One of the primary topics of Parshat Bereshit is Adam Harishon’s one commandment from Hashem, the famous instruction not to eat from the Etz Hada’at. In “Michtav Mayeliyahu,” Rav Eliyahu Dessler asks an obvious question: How could it be that Adam Harishon failed to keep this commandment? He had nearly everything he could want, and yet he wanted the one thing he could not have! Rav Dessler answers that Adam did not commit his sin by accident or without intent. Adam knew what he was doing and what the consequences would be – and yet he still ate from the tree! According to Rav Dessler, Adam reasoned to himself, “If I commit this Aveirah, I will get an internal Yetzer Harah, which will try to force me to sin. When I still obey Hashem’s will even then, my reward will be far greater, since there will be an internal force trying to stop me!” Hakadosh Baruch Hu, however, disagreed. He knew, in His infinite wisdom, that the Yetzer Harah cannot be underestimated. Adam thought that if he had the test of an internal inclination towards evil, he would still do Hashem’s will, meriting greater reward. Hashem responded that Adam, though correct in theory, was not correct in practice. Once an internal force of evil exists, doing Hashem’s will is something no one can be sure of. One never knows when he will slip.

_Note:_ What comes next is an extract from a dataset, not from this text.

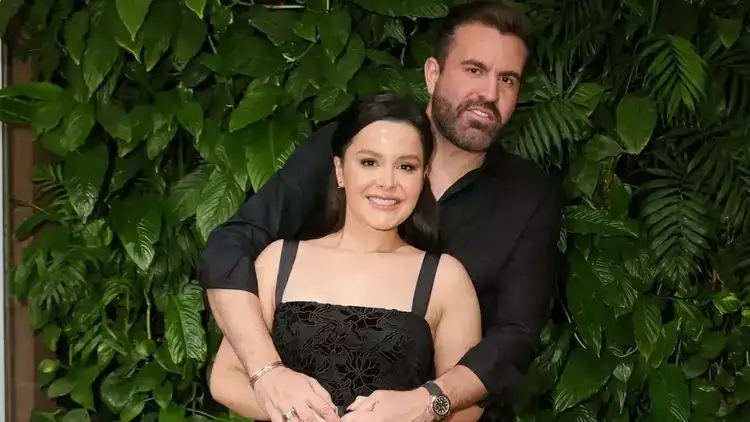 Maraisa anuncia que vai casar com Fernando Mocó ainda este ano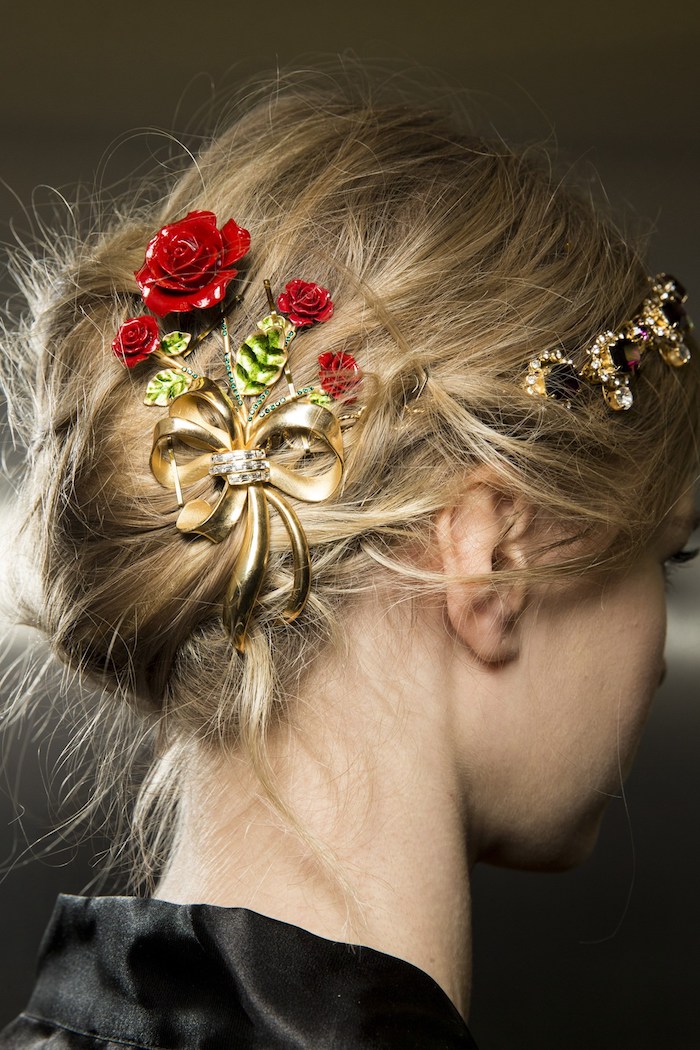 frisurentrends mit haarschmuck blonde haare dunkelblond rote rose in den haaren goldene schleife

This point is well illustrated by two other cases in Tanach. The first is the Parsha of the Yefat Toar. This is the case described in Parshat Ki Tetzei of an opposing army sending women to the front lines of a war to entice the Jewish army. The Torah provides a way for the Jewish soldier in this situation to marry such a girl sent by the enemy. Let us stop for a moment and consider who this Jewish soldier really is. The Torah tells us in Parshat Shoftim that to be a Jewish soldier, one must be unafraid (see Devarim 20:1-9). Rashi there brings a Machloket from the Gemara as to what “afraid” means. Rabi Akiva says the man whom the Torah excuses is afraid of warfare, whereas Rabi Yose Hagelili argues that he is afraid Hashem will let him die in battle because of his Aveirot. According to Rabi Yose Hagelili, then, any soldier who has actually made it to the battlefield must be righteous enough to be unafraid of Hashem’s punishment in war. It is strange to think that this is the soldier who is so easily enticed in the case of the Yefat Toar! Rabbi Tzvi Hirsch Weinreb comments that this comes to illustrate the point made above. One can never be sure, when it comes to a test, whether he will be able to conquer his Yetzer Harah.
The second example from Tanach is that of David Hamelech and Batsheva. The Midrash says that David asked Hashem why his name could not be included in the first Berachah of Shemoneh Esrei, next to the Avot. Hashem responded that all the Avot had proven themselves by passing difficult tests, but that David had not. David therefore asked Hashem to send him a test, so that he could pass the test and merit to have his name in Shemonah Esrei. When it came to the test, however, David failed. He did not resist his Yetzer Hara, and sinned in the Batsheva incident. This highlights the point that even great Tzaddikim like David Hamelech can never be sure of conquering their Yetzer Hara when put to the test.
The lesson for us is obvious. If our ancestors could not be sure of withstanding tests, how much more so we, who cannot approach their level, must be extremely careful to avoid situations which might lead to sin. As Adam Harishon and David Hamelech learned the hard way, it is not in our best interest to look for tests. As we pray every morning, may Hashem withhold the tests altogether, thus enabling us to keep His Torah and Mitzvot to the fullest.